■ Supplied data:

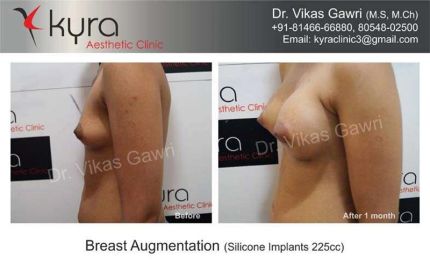 Breast Augmentation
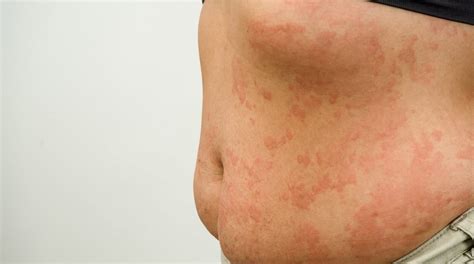 A Quick Overview Of Cold Urticaria Symptoms And Treatment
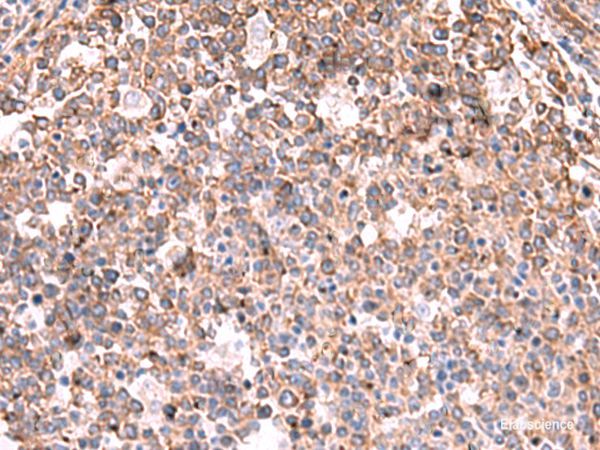 Immunohistochemistry of paraffin-embedded Human tonsil tissue  using KBTBD11 Polyclonal Antibody at dilution of 1:35(×200)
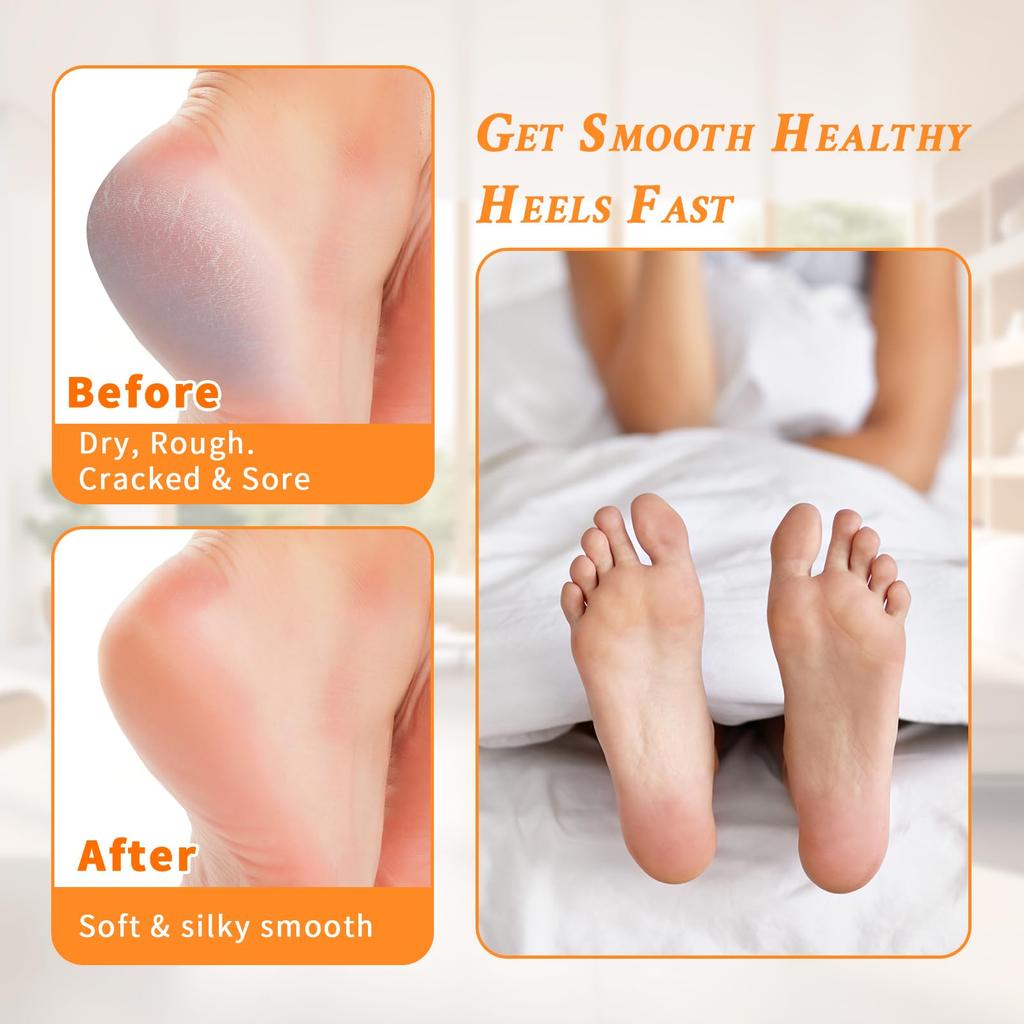 Силиконовые носки для пяток для мужчин и женщин, противотрещинные увлажняющие носки, протектор для облегчения боли в пятке, рукав для ухода за ногами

■ Your goal: Your answer should consist solely of the lines from the line with "Immunohistochemistry of paraffin-embedded" to the final line of the listing, set down word for word, pictures omitted.

■ Your solution:
 Immunohistochemistry of paraffin-embedded Human tonsil tissue  using KBTBD11 Polyclonal Antibody at dilution of 1:35(×200)
 Силиконовые носки для пяток для мужчин и женщин, противотрещинные увлажняющие носки, протектор для облегчения боли в пятке, рукав для ухода за ногами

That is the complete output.